Hi
I am new to Nagios,
I have a server that hosts Nagios. I would like to use Nagios to monitor the status of a radius service on a different server and restart on HARD failure of service
#Restart the radiusd service in the event of termination
define service{
use local-service
host_name radius2
service_description radiusd
check_command check_procs_radius
max_check_attempts 2
event_handler restart-radiusd
}
Command object
#Check Radiusd
define command{
command_name restart-radiusd
command_line $USER2$/restart-radiusd -H $HOSTADDRESS$ $SERVICESTATE$ $STATETYPE$ $SERVICEATTEMPT$
Script:
#!/bin/sh
Event handler script for restarting the RADIUS server on the local machine
Note: This script will only restart the web server if the service is
retried 3 times (in a “soft” state) or if the web service somehow
manages to fall into a “hard” error state.
What state is the RADIUS service in?
case “$1” in
OK)
# The service just came back up, so don’t do anything…
;;
WARNING)
# We don’t really care about warning states, since the service is probably still running…
;;
UNKNOWN)
# We don’t know what might be causing an unknown error, so don’t do anything…
;;
CRITICAL)
# The RADIUS service appears to have a problem - perhaps we should restart the server…
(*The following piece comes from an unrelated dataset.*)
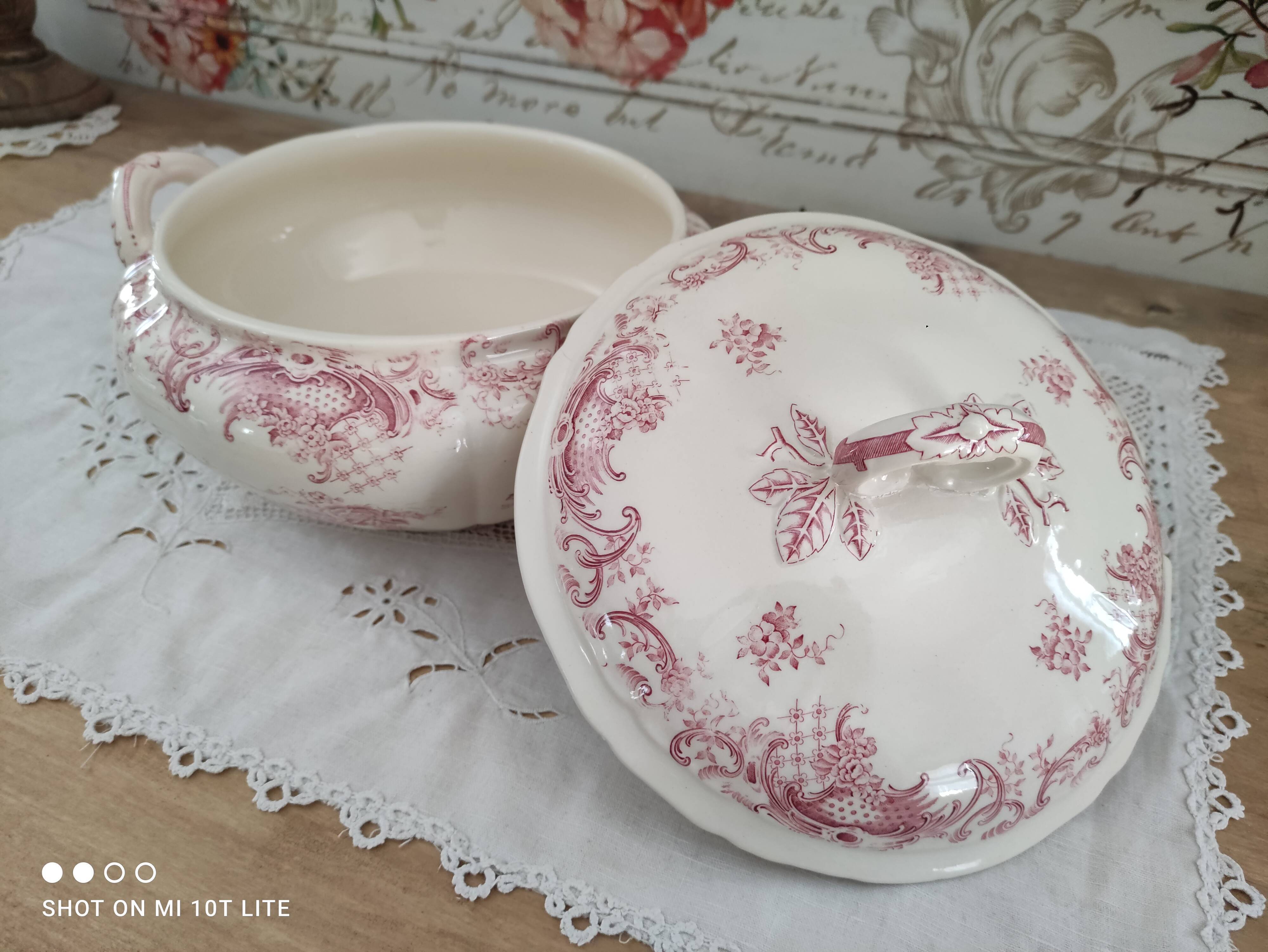 Villeroy & Boch tureen model Valeria red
# Is this a "soft" or a "hard" state?
case "$2" in
# We're in a "soft" state, meaning that Nagios is in the middle of retrying the
# check before it turns into a "hard" state and contacts get notified...
SOFT)
What check attempt are we on? We don't want to restart the RADIUS server on the first
check, because it may just be a fluke!
case "$3" in
Wait until the check has been tried 3 times before restarting the web server.
If the check fails on the 4th time (after we restart the RADIUS server), the state
type will turn to "hard" and contacts will be notified of the problem.
Hopefully this will restart the RADIUS server successfully, so the 4th check will
result in a "soft" recovery. If that happens no one gets notified because we
fixed the problem!
3)
#echo -n "Restarting Radius service (3rd soft critical state)..."
# Call the init script to restart the RADIUSD server
/etc/init.d/radiusd start
;;
esac
;;
# The RADIUS service somehow managed to turn into a hard error without getting fixed.
# It should have been restarted by the code above, but for some reason it didn't.
# Let's give it one last try, shall we?
# Note: Contacts have already been notified of a problem with the service at this
# point (unless you disabled notifications for this service)
HARD)
#echo -n "Restarting Radius service..."
# Call the init script to restart the HTTPD server
/etc/init.d/radiusd start
;;
The problem is that I think the service is not being restarted on the radius machine. I think this is being dealt with as a local operation. Can anyone help me to get Nagios to restart the radius service?
Regards